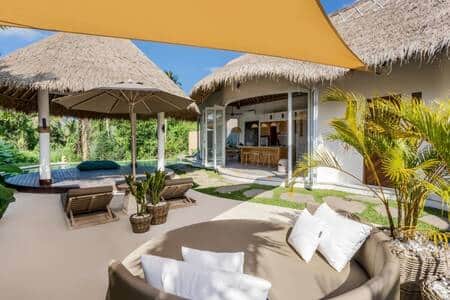 KizmetFit - 2bed Luxury Private Villa Resort Ubud 11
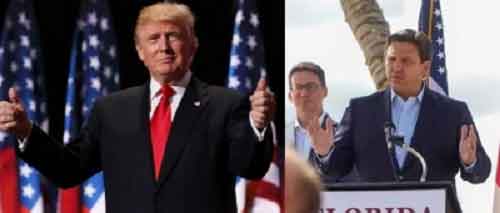 Florida Governor DeSantis drops out of presidential race, endorses Trump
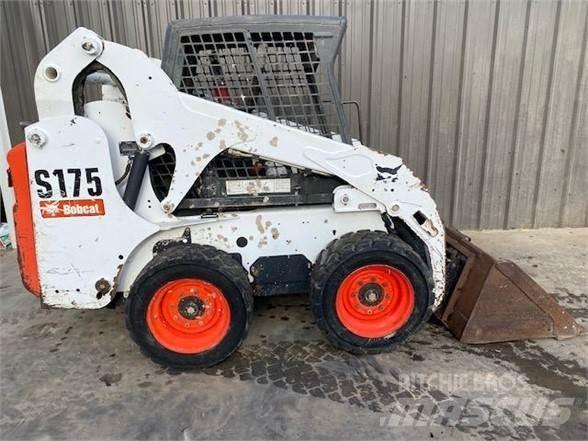 Bobcat S175 Мини товарачи
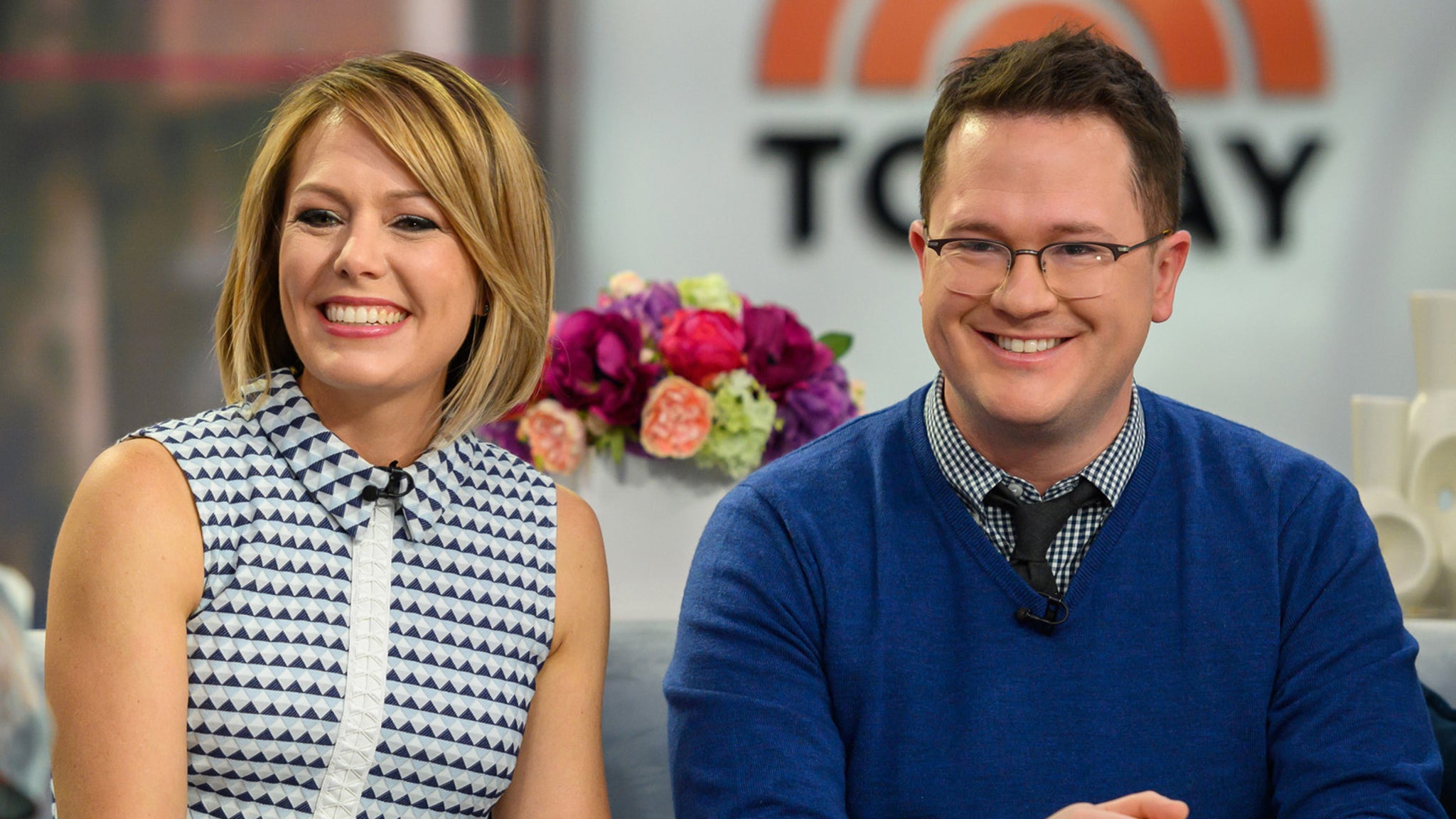 In the present day’s Dylan Dreyer Splits From Husband Brian Fichera After 12 Years of Marriage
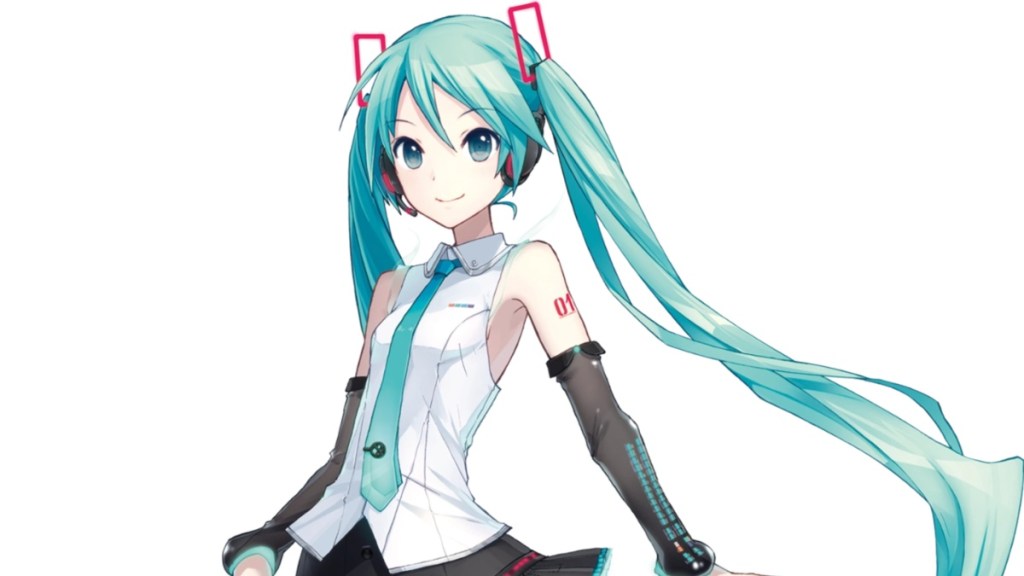 hatsune miku coachella 2024 performance how anime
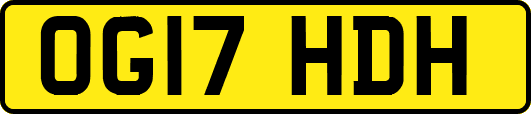 OG17HDH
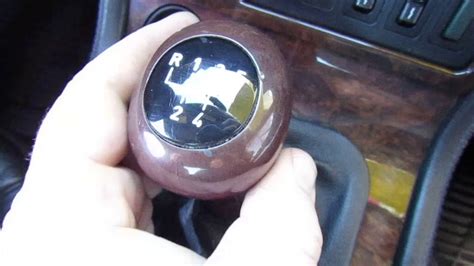 european manual transmission shift pattern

**Task details:**
Copy the lines from the line that contains "Bobcat S175 Мини товарачи" through the end of the records, exactly and with nothing added; leave the pictures out.

**Solution for this task:**
 Bobcat S175 Мини товарачи
 In the present day’s Dylan Dreyer Splits From Husband Brian Fichera After 12 Years of Marriage
 hatsune miku coachella 2024 performance how anime
 OG17HDH
 european manual transmission shift pattern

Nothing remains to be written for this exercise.